Certaines affaires prêteraient presque à sourire, à l’image de cet homme de 28 ans domicilié à Avallon, dans l’Yonne, qui comparaissait mercredi 14 janvier au tribunal d’Auxerre pour apologie du terrorisme. Sur Facebook, il avait publié la semaine précédente une photo de lui muni d’un lance-roquettes et appelait, dans la légende, à commettre un attentat à Paris le jour de la grande manifestation du 11 janvier. Après enquête, comme le relève France 3 Bourgogne, il s’avère que l’individu, inconnu des services de renseignements, posait avec un lance-roquette factice et rentrait d’une soirée en boîte de nuit dont le thème était «militaire». L’homme, qui encourait un an de prison dont huit mois avec sursis et 100 heures de travaux d’intérêt général, a été relaxé par le juge.

L’application à la lettre de la loi entraîne par ailleurs des disparités de traitement selon les circonstances d’émission de propos condamnables. Dans l’Isère, un livreur de 32 ans qui avait sorti à un collègue une litanie bien fleurie («Les douze qui sont morts le méritaient !», «Si on me demande de poser une bombe, je le ferai !», «Et si ça te plaît pas, je te tranche la gorge avec un cutter !») a ainsi été relaxé d’apologie à Grenoble car ses mots n’avaient pas été prononcés dans un lieu public, mais dans l’enceinte d’une entreprise. Au même moment ou presque, à Chartres, un homme de 21 ans était condamné à 18 mois de prison, dont 12 ferme, pour avoir partagé sur Facebook des photos de massacres syriens assorties du commentaire «un coup de crayon et un coup de kalach c’est la même chose». Des propos pas vraiment plus violents que ceux du livreur isérois, mais publiés sur le principal réseau social de France.

VERS UNE JURISPRUDENCE POUR DIEUDONNÉ ?

De simples expressions religieuses suffisent désormais à électriser les forces de l’ordre. En Corse, deux étudiants comparaissaient ainsi vendredi 16 janvier devant le tribunal correctionnel d’Ajaccio après avoir crié «Allahu Akbar» à des policiers municipaux. Evoquant «une blague de mauvais goût», tous deux ont été relaxés. Idem pour le jeune homme de 23 ans qui avait inscrit «je suis Charlie Coulibaly» sur le registre de doléances d’un commissariat de l’Hérault. «Ce que j’ai fait, c’est nul. J’ai fait une belle erreur. Ce sont des choses qui ne se font pas car cela peut être mal interprété», a déclaré à la barre du tribunal de Montpellier ce fan de Dieudonné.

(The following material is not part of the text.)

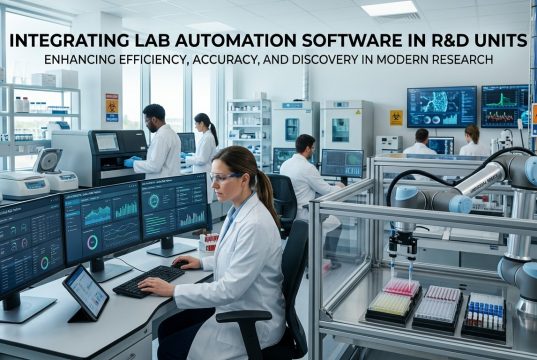 Integrating Lab Automation Software in R&D Units Integrating Lab Automation Software in R&D Units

Son affaire a d’ailleurs été commentée par l’entourage de Dieudonné sur son site officiel aux relents conspirationnistes, Quenel+, voyant là une jurisprudence possible pouvant aller en faveur du polémiste. Ce dernier est convoqué au tribunal correctionnel de Paris le 4 février pour apologie du terrorisme après avoir écrit «je me sens Charlie Coulibaly» dans une publication Facebook rapidement supprimée.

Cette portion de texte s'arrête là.